Saturday, January 19, 2013
Accepted At Last
When I became interested in genealogy, every March while in Florida visiting, I spent time in this formidable building asking questions, sharing information and researching my Roesch history. Every visit starting with the first visit frustrated me to no end. Sometimes, I hate to admit, it really made my blood boil and my hair would stand on end. I never felt welcomed and was made to feel intellectually inferior when it came to my family history. Seems they thought they knew more than I did, especially when they told me I was pronouncing my family name Roesch incorrectly. If you were to ask my husband he would tell you I embarrassed him on more than one occasion, most likely half-a-dozen times. I just couldn't help myself, this was important to me. Assuredly they weren't looking forward to my visit every March, but they were always gracious and I tried, I really tried to be polite.

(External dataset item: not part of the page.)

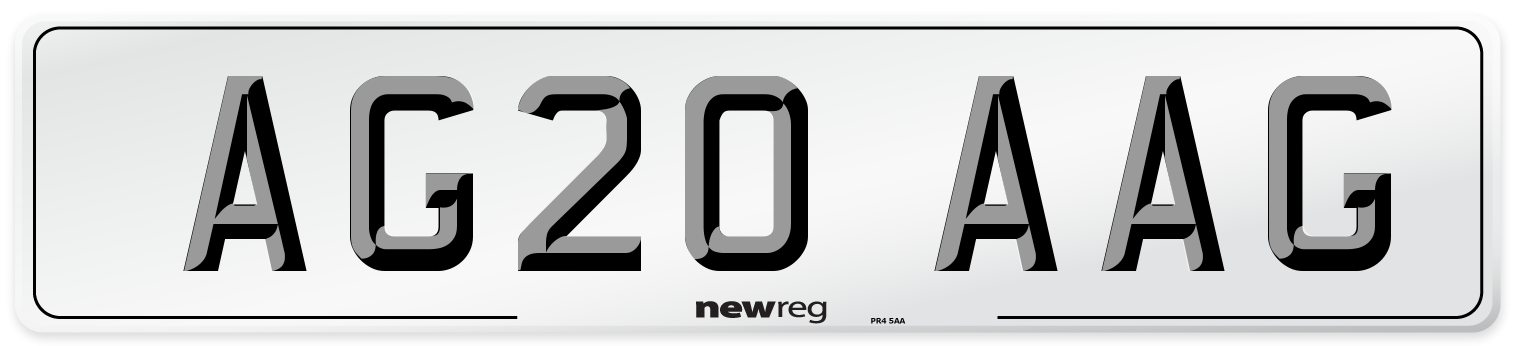 AG20 AAG Front Number Plate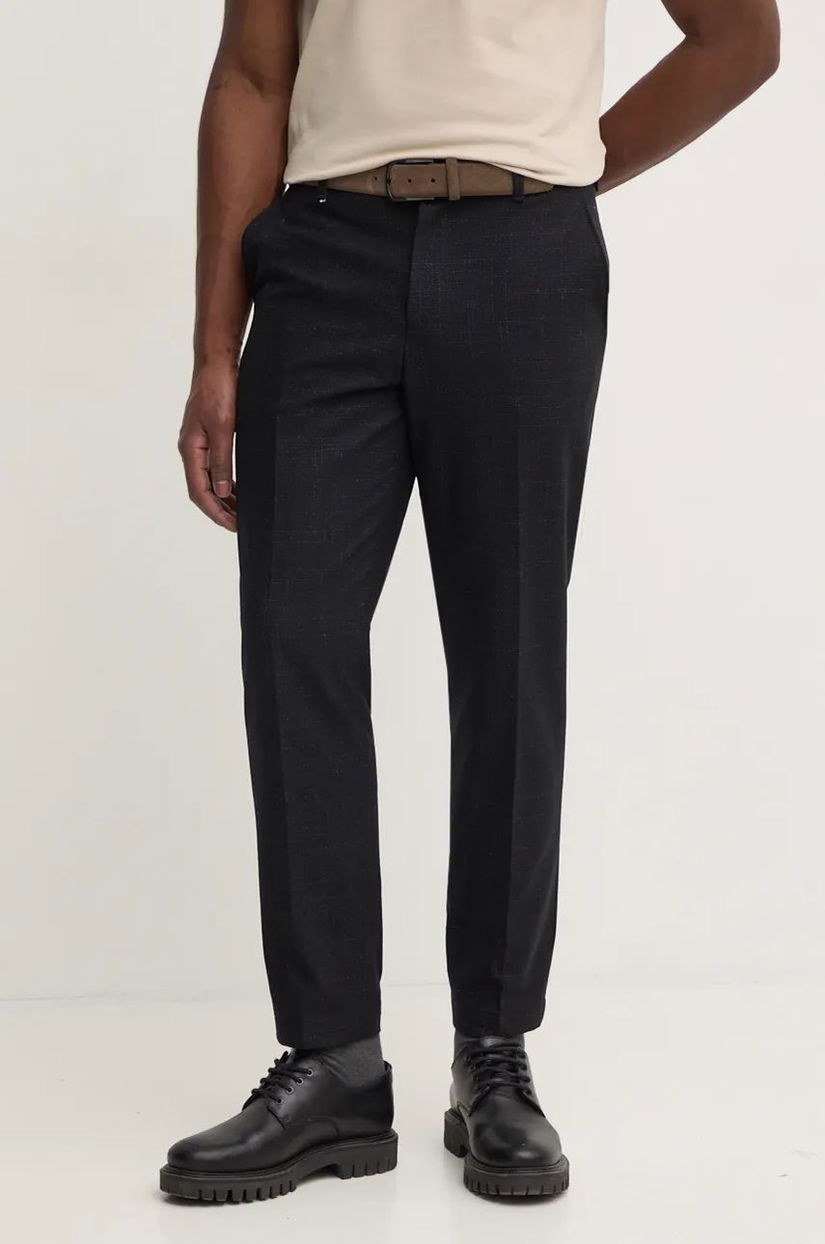 BOSS pantaloni de lana culoarea negru, mulata, 50527984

It was in March of 2008 that I stopped in for a last visit prior to my book, "Forever Laced" being completed for publication. Two very important things happened. First, Ben DiBiase, the Educational Resources Coordinator brought out a file box from the archives. He untied the cover and to my surprise lifted out correspondence my grandfather had written in 1932. The letters were found in the Roesch House in Eau Gallie that the FHS now owns and is part of the Rossetter Museum. These letters along with responses were very important to see. It put his life story into perspective for it showed how hard he was trying to find work during the depression.

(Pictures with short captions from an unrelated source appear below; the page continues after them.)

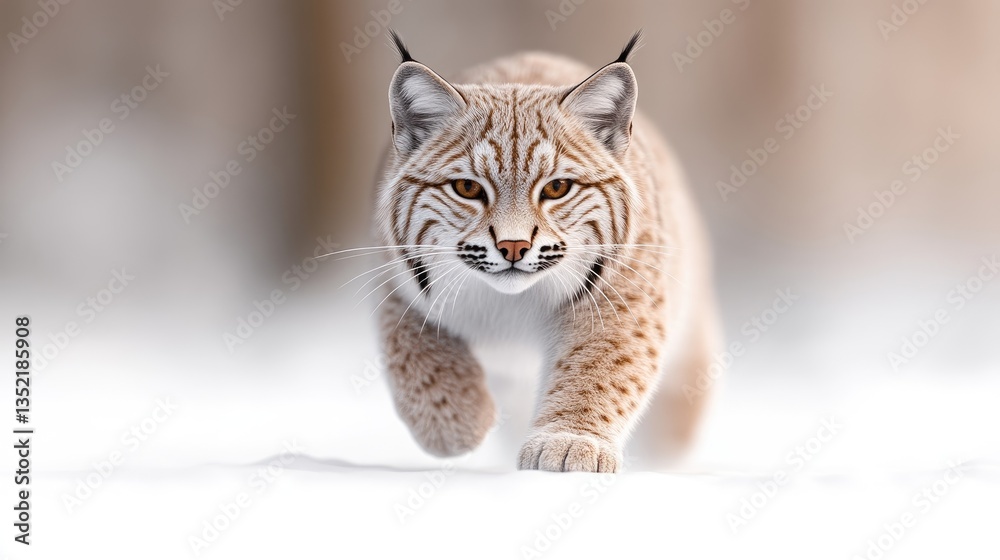 A majestic bobcat strides across a snowy landscape A majestic bobcat strides across a snowy landscape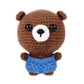 Mini Positive Crochet Bear,3.5 Inch Crochet Stuffed Animal Knitted Bear Funny Pocket Potato Wool Bear Emotional Crochet Doll Toy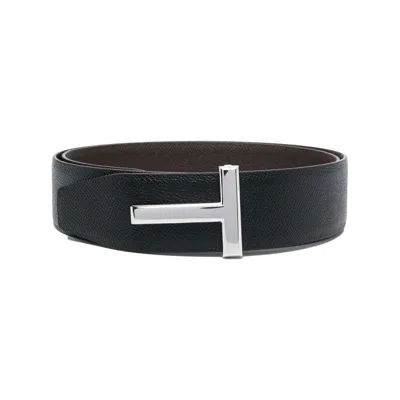 Shop Tom Ford Belts In Brown/black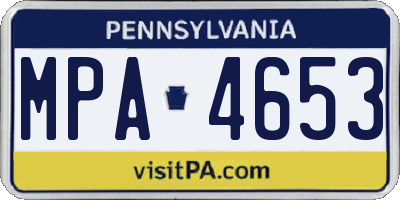 PA license plate MPA4653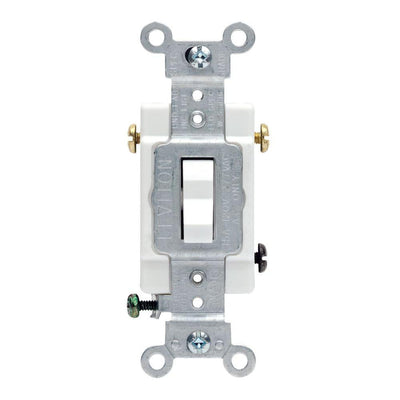 20 Amp 3-Way Commercial Toggle Switch, White - Super Arbor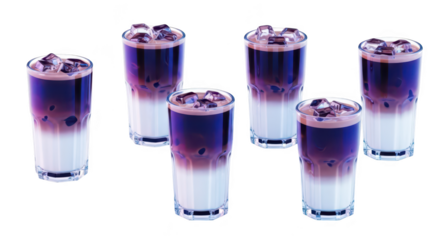 Six layered iced coffee drinks on a reflective white surface reflecting a gradient of subtle lights ideal for cafe or food photography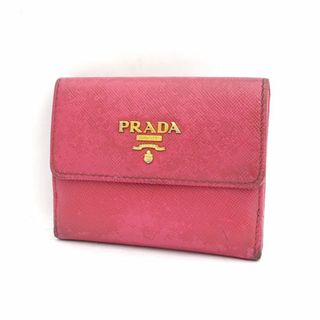 プラダ(PRADA)のPRADA / プラダ ■財布 コンパクト パスケース レザー ピンク ギャランティ IM1350 【財布/サイフ/ウォレット/wallet/コイン】 ブランド【中古】 [0990013282](財布)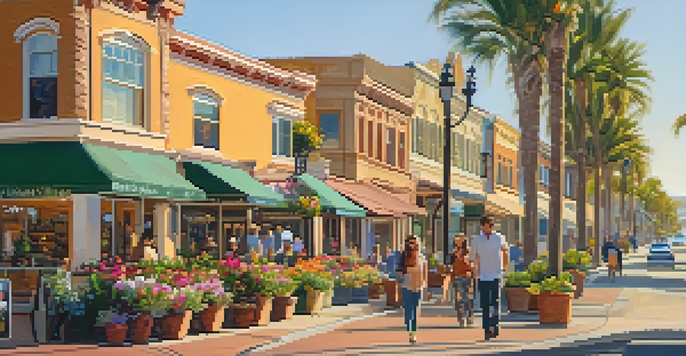 A vibrant street view of Carlsbad Village showcasing a mix of historic and modern buildings with people walking and flower pots lining the sidewalks.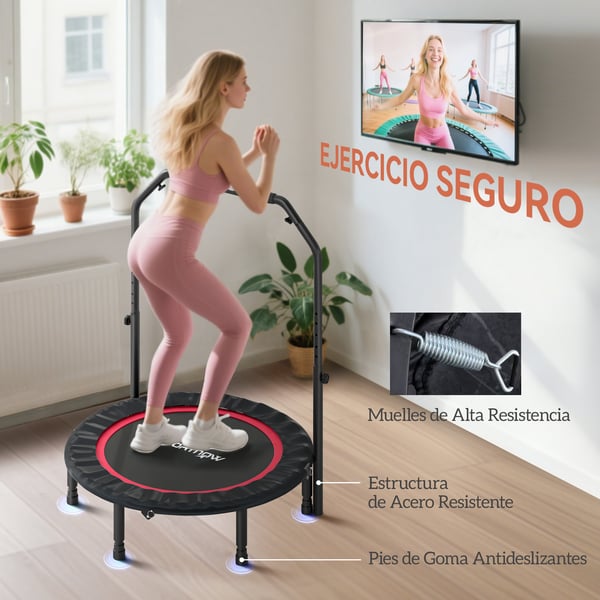 Minitrampolin - Rebounder - Ø102 cm - Justerbart Handtag - Stålram - Hopfällbar - Kondition & Ben - Röd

Then the man who always seemed to me to be a know-it-all, who refused to believe how to pronounce my family name walked in. He sat at the table with us and asked in the softest voice I had ever heard him speak, "What was the relationship between your grandfather, William Philip Roesch and John McAllister?" I had uncovered his name and the relationship while researching the history of the Roesch family and felt quite satisfied to tell him, John was my grandfather's uncle. This was a question, he as a genealogist hadn't been able to discover.
The following year I returned with books in hand and donated two for their library. This time I was made to feel truly welcomed and treated with respect. I was surrounded by those I had spoken with for so many years asking me of all people questions about the Roesch family and how it related to the history of Eau Gallie. Finally, I felt accepted as one of their own. I'm home at last. And by the way, he now pronouces the name correctly, Ray-shh.
As a final note, my great grandfather, William Russell Roesch was the founder of the newspaper named the Eau Gallie Record. I was able to convince his grandson, my uncle Clyde, that the collection of newspapers, some over 100 years old now in his custody, should be donated to the Florida Historical Society for safe keeping before they completely disintergrate.
Ben DiBiase accepted these newspapers , 'Eau Gallie Record', 'Melbourne Times' and the 'Cocoa Tribune' stating in his letter written August 14, 2012, "Again, I want to thank you for making this donation possible, these papers will be of great use to researchers in the future. In fact, I have already received research requests from people who are interested in the history of Eau Gallie and would like to see these newspapers. He graciously included two CD's with digitally scanned copies of the newspaers, one for me, and one for my uncle. Now we can enjoy these for a lifetime.